It’s therefore not surprising that it was Venezuela and Chavez who became the president pro tempore of CALC, the predecessor to CELAC, that Venezuela hosted the founding summit on the weekend, and has lead the push to make CELAC real and legitimate.

“For 12 years since Chavez came into government, we’ve been fighting for Latin American integration,” Colina from Avila told me, as she sipped Venezuelan coffee.

“The president [Hugo Chavez] has had a political policy of strengthening Venezuela’s relations with other countries, through bilateral agreements, talks, and ALBA and UNASUR,” Melero added.

“It’s an honour for Venezuela [to host the summit]… many talk about the dream of Bolivar [for a united Latin America] but few talk about it as a project, about actually putting it into practice. Today we’re laying down the first stone, a fundamental one for the unity of Latin America and for our real independence,” Chavez said.

The seriousness the Venezuelan government is giving CELAC was evident in the ongoing coverage and debate by its radio, television, and written media, the decoration of Caracas streets and parks with CELAC posters and photos of Latin America, and the high level of organisation of both the summit and for the media.

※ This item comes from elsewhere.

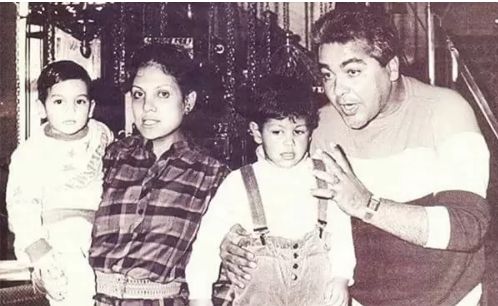 الخليج الان : وفاة فنان مصري كبير بشكل مفاجئ.. والزعيم ‘‘عادل إمام’’ ينهار ويدخل في نوبة بكاء حادة.. شاهد من يكون؟ (صور صادمة)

Media war comes subtly to CELAC

In the past, spoilt private media journalists have complained of the mediocre reception and non subservient type facilities in Venezuela. One freelance journalist once commented to me that it was a global standard that any restaurant, hotel, or company treat journalists well (ie free food, stay etc) in order to get a good write up, and that Venezuela was doing itself a disservice by not doing the same, and with its chaotic streets and transport. While I beg to differ on the ethics of that, it was important to the Venezuelan government last weekend that the CELAC was accessible to all media- private, public , and alternative, and it wanted that media to be able to easily cover the summit and thereby help the new organisation gain legitimacy and world wide recognition.

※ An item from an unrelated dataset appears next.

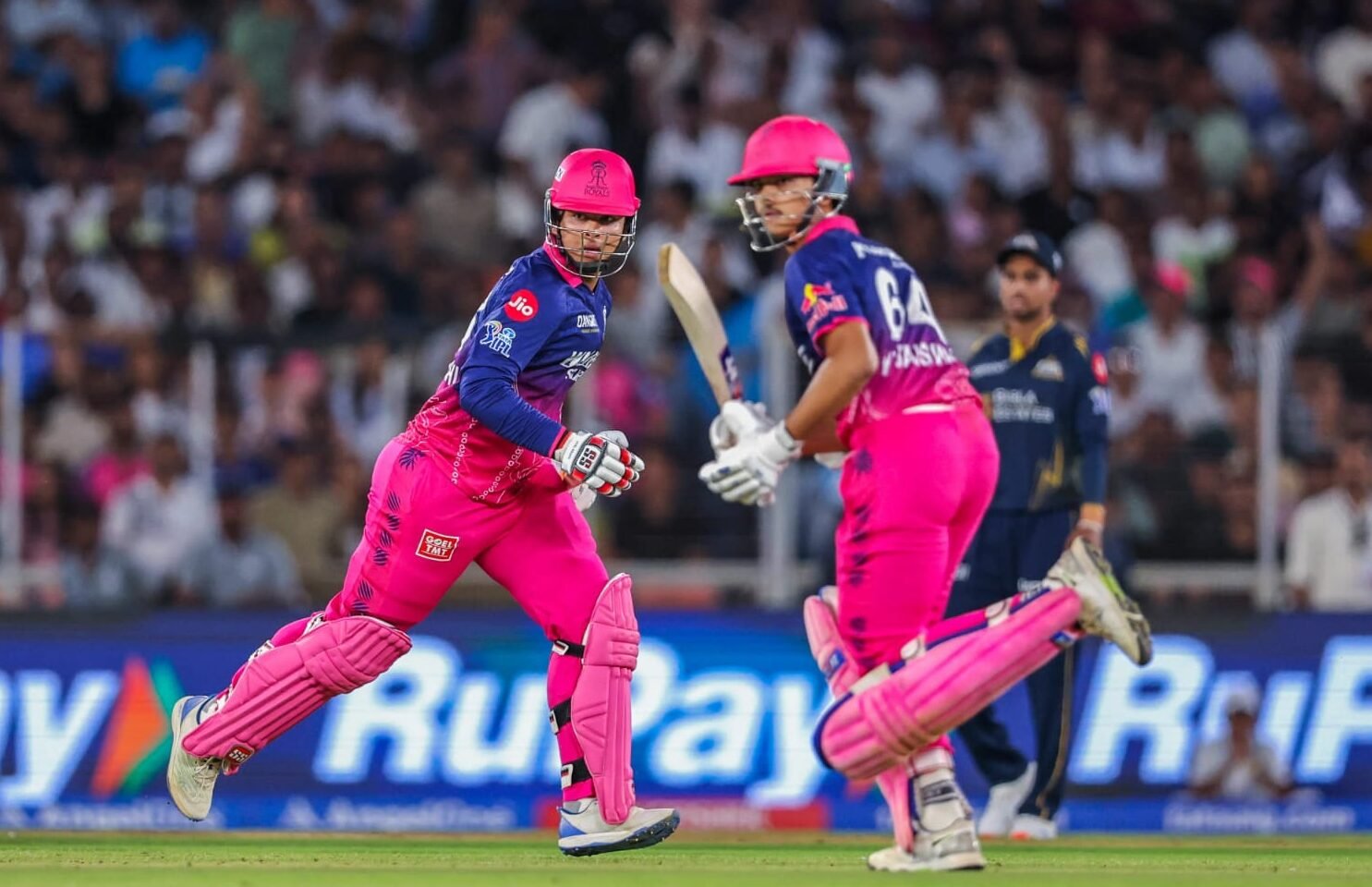 RR Crush MI: Huge Win!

At VA we got a 22 page media guide about five days before the summit, then on the day, made our way in the train to La Rinconada station. In a parking lot nearby a tent was set up where journalists registered, and were taken to the summit. After going through security, we made our way to the press tent, with its free lunch and dinner, coffee, laptops and internet, phones, printers, 16 television monitors, and antennas.

The cooperation between progressive media, and the assistance and information provided by Venezuela’s ministry of communications was special. As Melero told me, “This summit has been premised on inclusion, for example, our media, Avila, an alternative youth station, hasn’t been excluded, we have the same opportunities [access to technology, permission to take photos etc] as other media, we sit next to CNN and talk to them.”

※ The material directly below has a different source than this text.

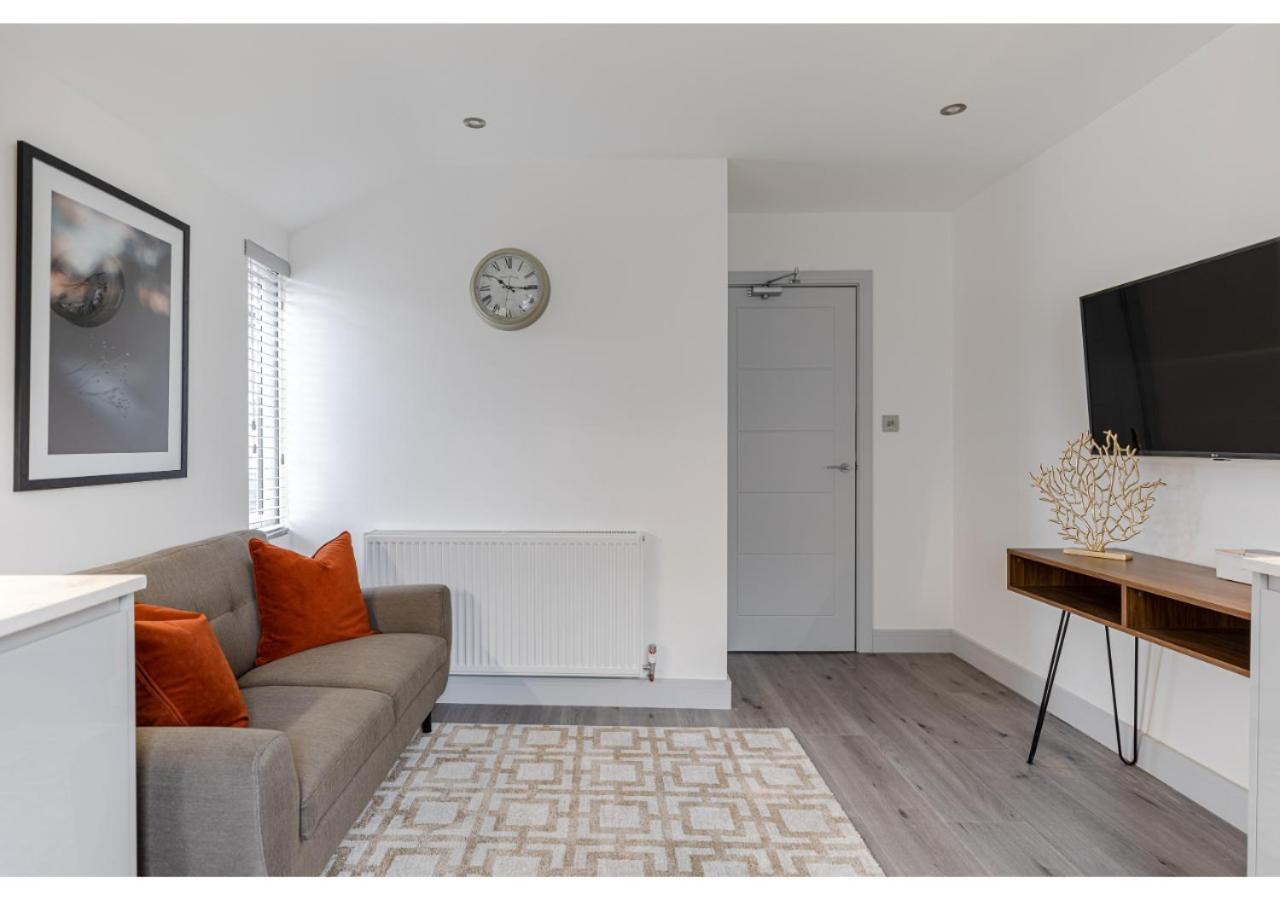 Cozy And Stylish 2 Bedroom Flat In Greater Londres Exterior foto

Nevertheless, the mainstream media, in a choir of scepticism, and despite the good hosting by Venezuela, predictably has either boycotted covering the CELAC (Christmas and sports are more important) or has focused on irrelevant angles of it, and purposefully missed the point.

Reuters dismissed CELAC, saying it was just another bunch of “initials” and criticising it for having “no budget nor a permanent secretary”, writing that “analysts” (who the article doesn’t bother to name) are “sceptical” about the bloc and suggesting that historical differences and different national agendas have always got in the way. Another Reuters article, this one in English, reduced the importance of CELAC to a “test” of Chavez’s health and wrote (lied) “The CELAC summit will give the theatrical but authoritarian 57-year-old a much-loved opportunity to grandstand at a big event, and bash the United States at the same time.”

Americas Society also used unnamed “detractors” who “question the usefulness of a potentially redundant forum in a region already plagued by a history of hobbled attempts at integration” and the Wall Street Journal followed what seems to be a private media trend, quoting more unnamed “analysts” that while the US should note the “latest indication of growing Latin American autonomy”, different strains of government could hamper the Community’s effectiveness.

 “The media [when writing about Venezuela] always looks for the negative things, the errors and failures, in this case of the summit,” Colina said.

“The mainstream media has tried to minimise the impact of CELAC. They aren’t interested in a united block that goes against the interests of US imperialism, they did the same when they invented things that didn’t happen in the Green Square in Libya to justify the killing of Gaddafi, but in this case they are trivialising the CELAC or making it invisible,” Melero added.

CELAC not just for the suits

Apart from many people here following CELAC live or in the press and debating its outcomes, there were also other activities in Caracas related to the summit, such as art and museum exhibitions, cinema forums, a food festival including dishes from 16 of the CELAC countries, theatre, poetry, sculpture, and book stalls.

Colina expressed it well, “CELAC is not just about sitting at tables and talking, it’s not just for the government, but for all of us, for Latin America”.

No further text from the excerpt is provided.